Directions | Quote, with no changes, the lines that run from the top of the material to the line with "银色无框纯欲减龄切边窄长式帅气平光眼镜男女网红时尚大框超轻镜", both included.

Data excerpts |
* * *
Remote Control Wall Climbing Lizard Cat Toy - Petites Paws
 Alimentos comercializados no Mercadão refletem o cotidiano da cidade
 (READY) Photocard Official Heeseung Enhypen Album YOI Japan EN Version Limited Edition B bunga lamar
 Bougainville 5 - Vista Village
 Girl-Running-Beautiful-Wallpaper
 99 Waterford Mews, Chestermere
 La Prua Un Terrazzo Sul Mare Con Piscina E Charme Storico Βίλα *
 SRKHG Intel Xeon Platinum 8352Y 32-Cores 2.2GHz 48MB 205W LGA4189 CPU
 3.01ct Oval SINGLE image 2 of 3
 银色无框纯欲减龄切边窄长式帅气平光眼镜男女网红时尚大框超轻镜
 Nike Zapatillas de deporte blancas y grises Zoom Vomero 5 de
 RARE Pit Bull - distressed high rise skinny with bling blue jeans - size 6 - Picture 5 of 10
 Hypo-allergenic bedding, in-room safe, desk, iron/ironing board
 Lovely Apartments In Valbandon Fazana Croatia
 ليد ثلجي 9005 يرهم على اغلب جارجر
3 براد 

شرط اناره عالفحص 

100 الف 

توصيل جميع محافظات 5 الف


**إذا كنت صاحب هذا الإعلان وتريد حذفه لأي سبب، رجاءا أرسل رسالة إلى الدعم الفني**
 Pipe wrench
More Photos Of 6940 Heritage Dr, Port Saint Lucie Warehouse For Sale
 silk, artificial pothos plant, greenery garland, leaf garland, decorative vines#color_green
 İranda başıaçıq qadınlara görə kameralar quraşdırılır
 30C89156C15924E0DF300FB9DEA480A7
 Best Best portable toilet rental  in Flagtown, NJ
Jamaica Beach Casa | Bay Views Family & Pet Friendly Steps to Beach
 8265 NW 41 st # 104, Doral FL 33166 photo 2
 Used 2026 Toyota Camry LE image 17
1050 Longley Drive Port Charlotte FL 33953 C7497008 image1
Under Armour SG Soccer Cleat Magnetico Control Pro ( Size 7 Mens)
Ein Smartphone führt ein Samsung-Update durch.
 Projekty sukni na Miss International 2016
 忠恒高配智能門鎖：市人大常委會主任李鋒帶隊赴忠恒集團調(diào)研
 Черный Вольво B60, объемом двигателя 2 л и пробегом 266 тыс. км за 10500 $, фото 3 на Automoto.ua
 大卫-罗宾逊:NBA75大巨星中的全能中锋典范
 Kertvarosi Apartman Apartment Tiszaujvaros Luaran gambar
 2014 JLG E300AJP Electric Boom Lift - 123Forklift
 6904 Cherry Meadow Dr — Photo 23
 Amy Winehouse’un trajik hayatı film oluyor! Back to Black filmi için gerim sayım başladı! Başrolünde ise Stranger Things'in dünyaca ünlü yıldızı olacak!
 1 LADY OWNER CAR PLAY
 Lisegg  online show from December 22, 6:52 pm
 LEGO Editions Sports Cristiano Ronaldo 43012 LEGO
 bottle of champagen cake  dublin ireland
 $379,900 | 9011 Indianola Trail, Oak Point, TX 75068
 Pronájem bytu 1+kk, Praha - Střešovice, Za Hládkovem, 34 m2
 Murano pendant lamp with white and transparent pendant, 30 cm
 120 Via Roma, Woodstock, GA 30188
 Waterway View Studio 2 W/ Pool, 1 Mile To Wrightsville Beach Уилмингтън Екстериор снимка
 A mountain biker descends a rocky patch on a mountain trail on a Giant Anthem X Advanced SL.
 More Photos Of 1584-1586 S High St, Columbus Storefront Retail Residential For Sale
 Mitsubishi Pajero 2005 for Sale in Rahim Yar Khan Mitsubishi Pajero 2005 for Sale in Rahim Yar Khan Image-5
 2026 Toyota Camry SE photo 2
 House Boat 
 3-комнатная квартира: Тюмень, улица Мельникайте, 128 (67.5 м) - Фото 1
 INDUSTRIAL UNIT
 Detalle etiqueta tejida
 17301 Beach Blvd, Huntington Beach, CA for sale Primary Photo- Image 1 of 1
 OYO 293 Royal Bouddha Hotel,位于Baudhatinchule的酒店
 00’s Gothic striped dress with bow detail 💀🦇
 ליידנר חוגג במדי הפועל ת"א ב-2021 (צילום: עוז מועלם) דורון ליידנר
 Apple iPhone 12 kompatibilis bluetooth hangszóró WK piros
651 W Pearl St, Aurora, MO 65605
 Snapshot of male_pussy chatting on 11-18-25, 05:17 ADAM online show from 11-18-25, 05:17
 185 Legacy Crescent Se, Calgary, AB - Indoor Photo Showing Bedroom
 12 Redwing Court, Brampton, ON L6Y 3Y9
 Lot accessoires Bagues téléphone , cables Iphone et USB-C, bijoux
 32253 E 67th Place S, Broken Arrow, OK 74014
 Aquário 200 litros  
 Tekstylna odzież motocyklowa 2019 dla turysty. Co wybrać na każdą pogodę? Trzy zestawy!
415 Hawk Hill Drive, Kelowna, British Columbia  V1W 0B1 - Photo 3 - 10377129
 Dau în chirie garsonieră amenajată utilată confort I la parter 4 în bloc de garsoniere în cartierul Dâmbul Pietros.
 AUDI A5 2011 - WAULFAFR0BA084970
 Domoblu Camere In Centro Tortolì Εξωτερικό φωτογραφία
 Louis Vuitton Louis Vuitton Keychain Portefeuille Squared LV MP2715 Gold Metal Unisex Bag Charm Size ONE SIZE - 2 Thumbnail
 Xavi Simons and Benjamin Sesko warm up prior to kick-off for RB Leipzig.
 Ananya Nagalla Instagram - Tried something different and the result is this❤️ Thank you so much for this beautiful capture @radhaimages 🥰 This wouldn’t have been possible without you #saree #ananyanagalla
* * *
Solution to the problem |
Remote Control Wall Climbing Lizard Cat Toy - Petites Paws
 Alimentos comercializados no Mercadão refletem o cotidiano da cidade
 (READY) Photocard Official Heeseung Enhypen Album YOI Japan EN Version Limited Edition B bunga lamar
 Bougainville 5 - Vista Village
 Girl-Running-Beautiful-Wallpaper
 99 Waterford Mews, Chestermere
 La Prua Un Terrazzo Sul Mare Con Piscina E Charme Storico Βίλα *
 SRKHG Intel Xeon Platinum 8352Y 32-Cores 2.2GHz 48MB 205W LGA4189 CPU
 3.01ct Oval SINGLE image 2 of 3
 银色无框纯欲减龄切边窄长式帅气平光眼镜男女网红时尚大框超轻镜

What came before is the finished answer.